EXERCISE: Would you output the lines from the one containing "Vatrogasci na terenu na Maksimirskoj cesti" through the final line of the entries, exactly and with pictures omitted?

AVAILABLE DATA:
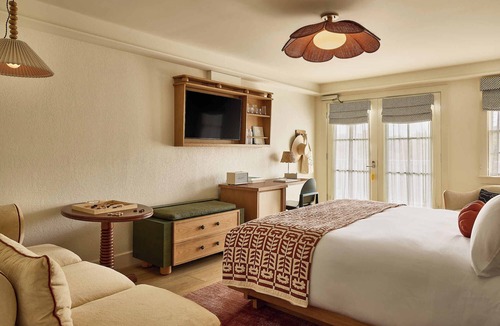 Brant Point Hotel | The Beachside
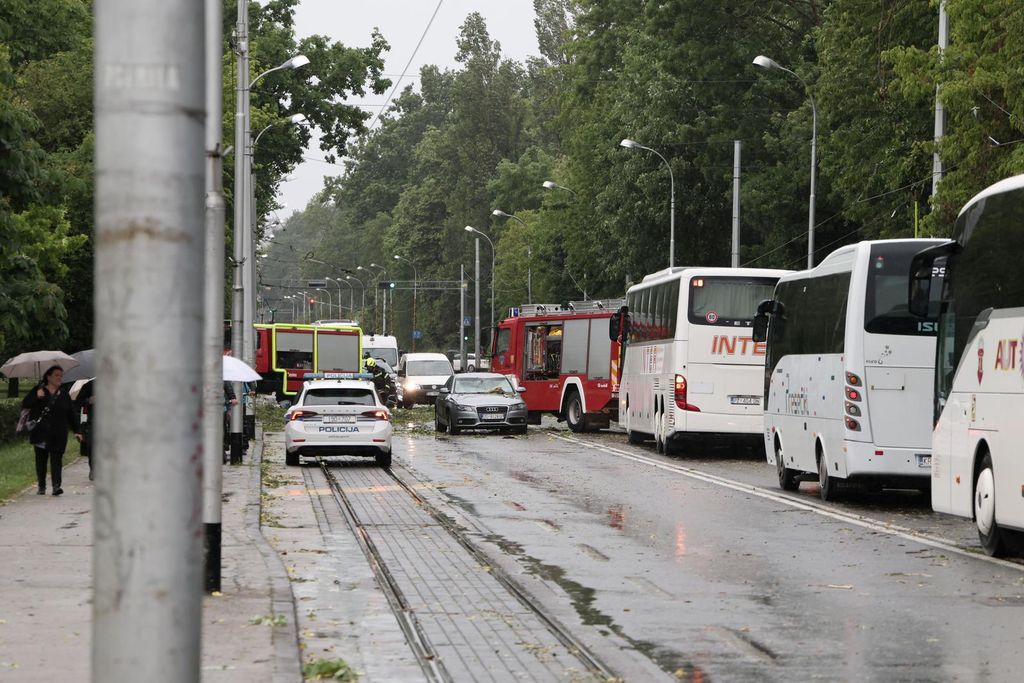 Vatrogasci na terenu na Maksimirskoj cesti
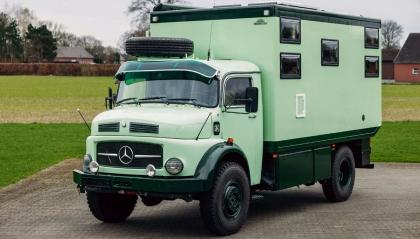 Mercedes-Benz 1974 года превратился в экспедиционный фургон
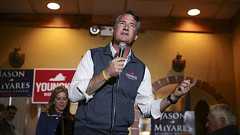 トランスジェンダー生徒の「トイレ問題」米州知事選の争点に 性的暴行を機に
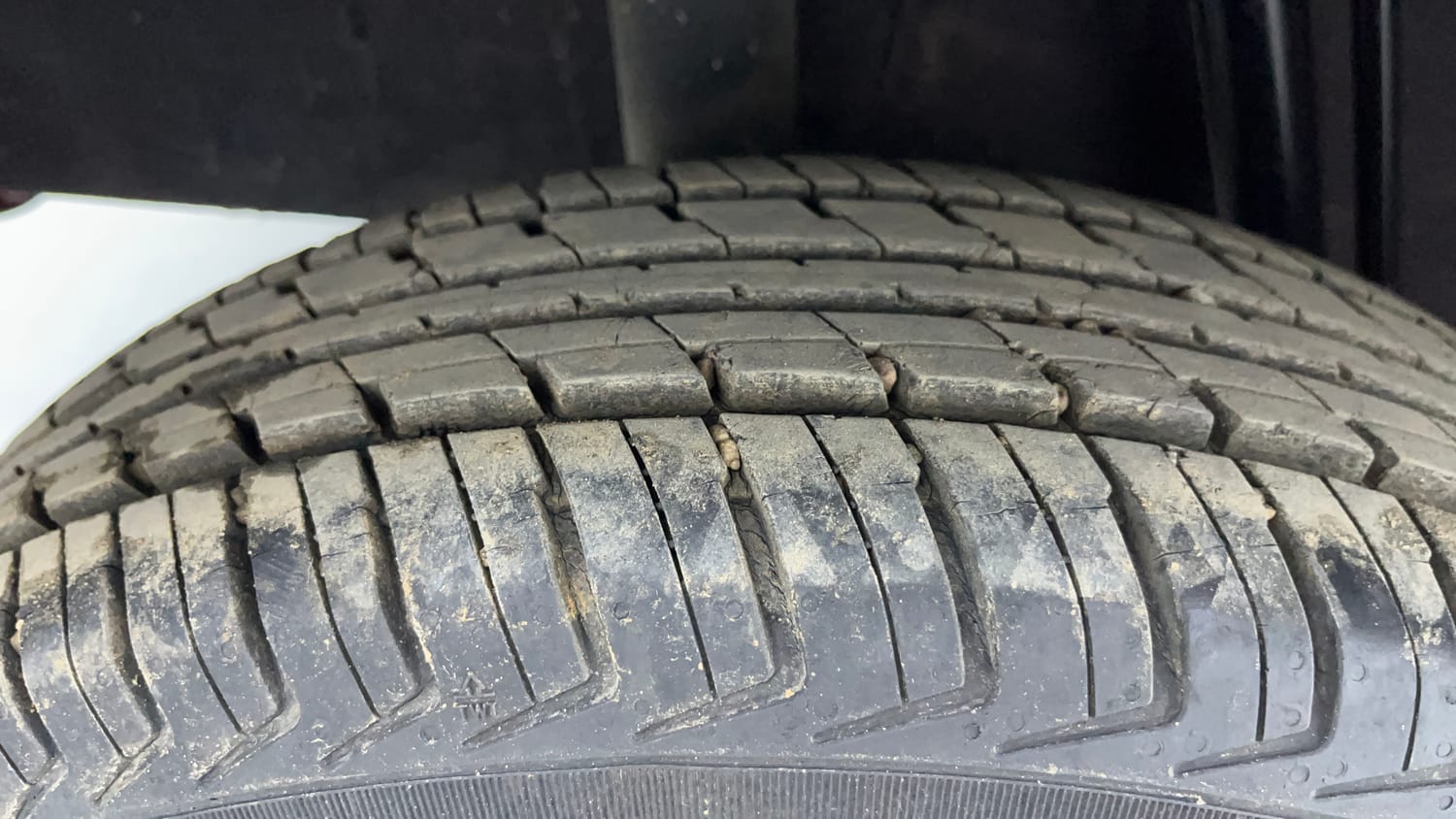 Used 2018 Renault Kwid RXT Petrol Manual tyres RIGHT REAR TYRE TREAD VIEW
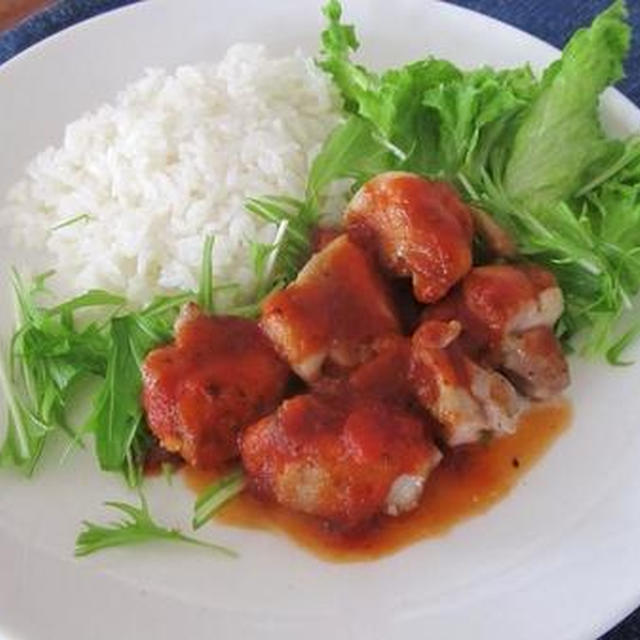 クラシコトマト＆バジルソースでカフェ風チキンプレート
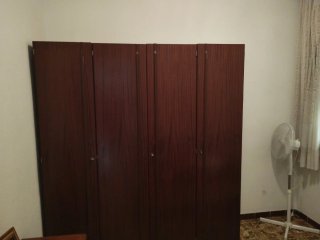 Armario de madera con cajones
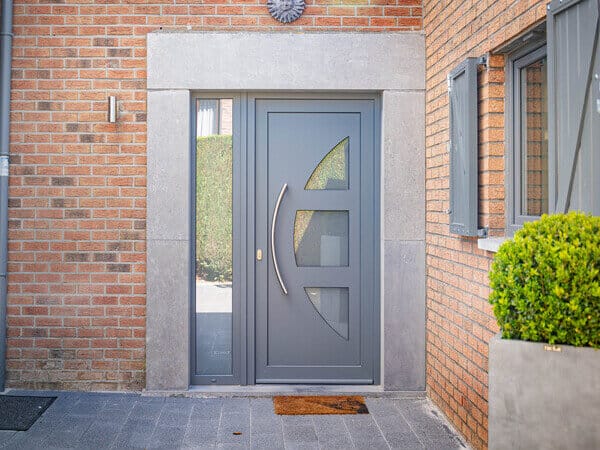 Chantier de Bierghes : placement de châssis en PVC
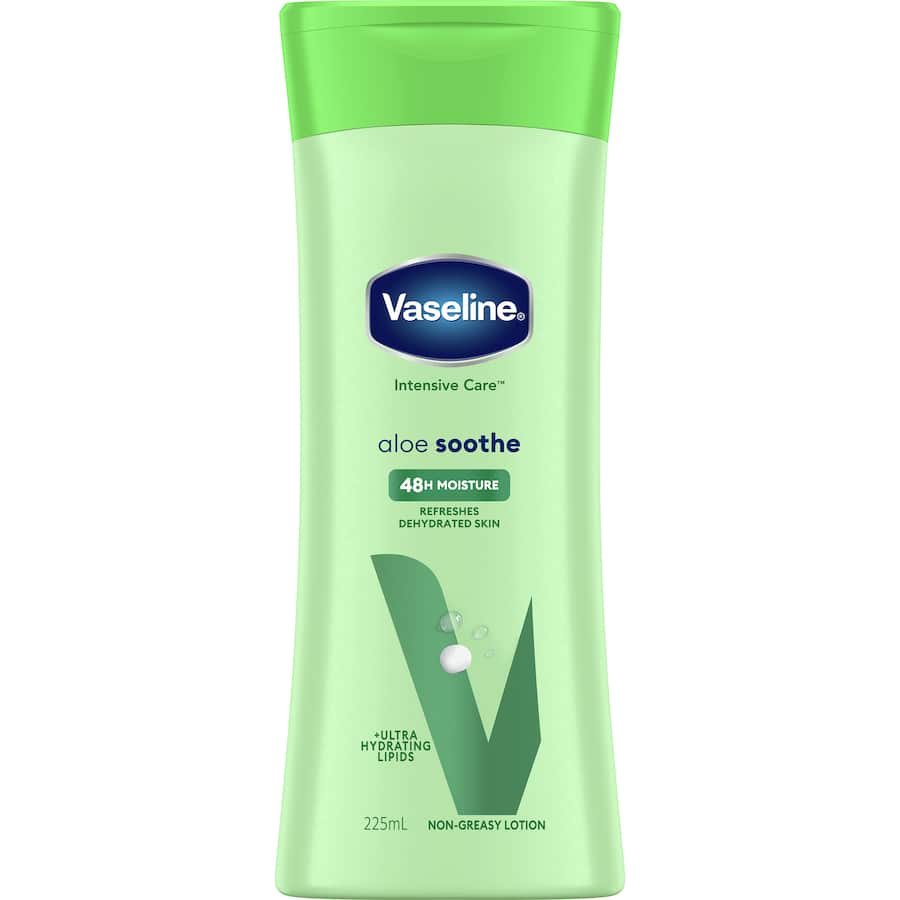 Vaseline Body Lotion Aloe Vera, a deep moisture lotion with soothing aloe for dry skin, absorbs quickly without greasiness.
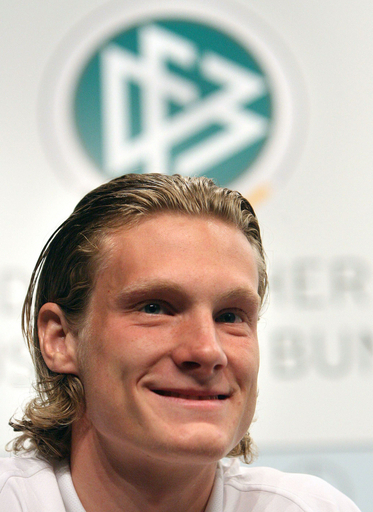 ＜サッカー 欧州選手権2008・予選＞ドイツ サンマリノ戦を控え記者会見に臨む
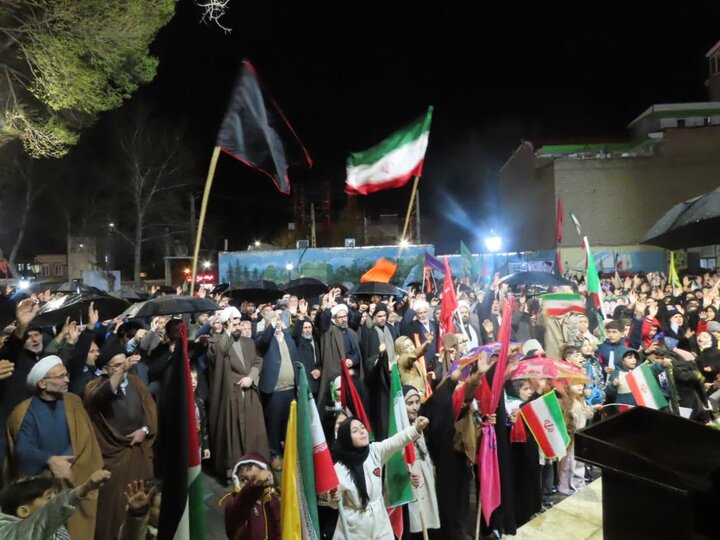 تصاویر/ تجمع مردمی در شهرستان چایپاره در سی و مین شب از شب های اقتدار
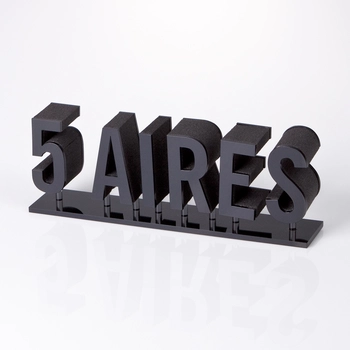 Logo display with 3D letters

EXERCISE RESPONSE:
 Vatrogasci na terenu na Maksimirskoj cesti
 Mercedes-Benz 1974 года превратился в экспедиционный фургон
 トランスジェンダー生徒の「トイレ問題」米州知事選の争点に 性的暴行を機に
 Used 2018 Renault Kwid RXT Petrol Manual tyres RIGHT REAR TYRE TREAD VIEW
 クラシコトマト＆バジルソースでカフェ風チキンプレート
 Armario de madera con cajones
 Chantier de Bierghes : placement de châssis en PVC
 Vaseline Body Lotion Aloe Vera, a deep moisture lotion with soothing aloe for dry skin, absorbs quickly without greasiness.
 ＜サッカー 欧州選手権2008・予選＞ドイツ サンマリノ戦を控え記者会見に臨む
 تصاویر/ تجمع مردمی در شهرستان چایپاره در سی و مین شب از شب های اقتدار
 Logo display with 3D letters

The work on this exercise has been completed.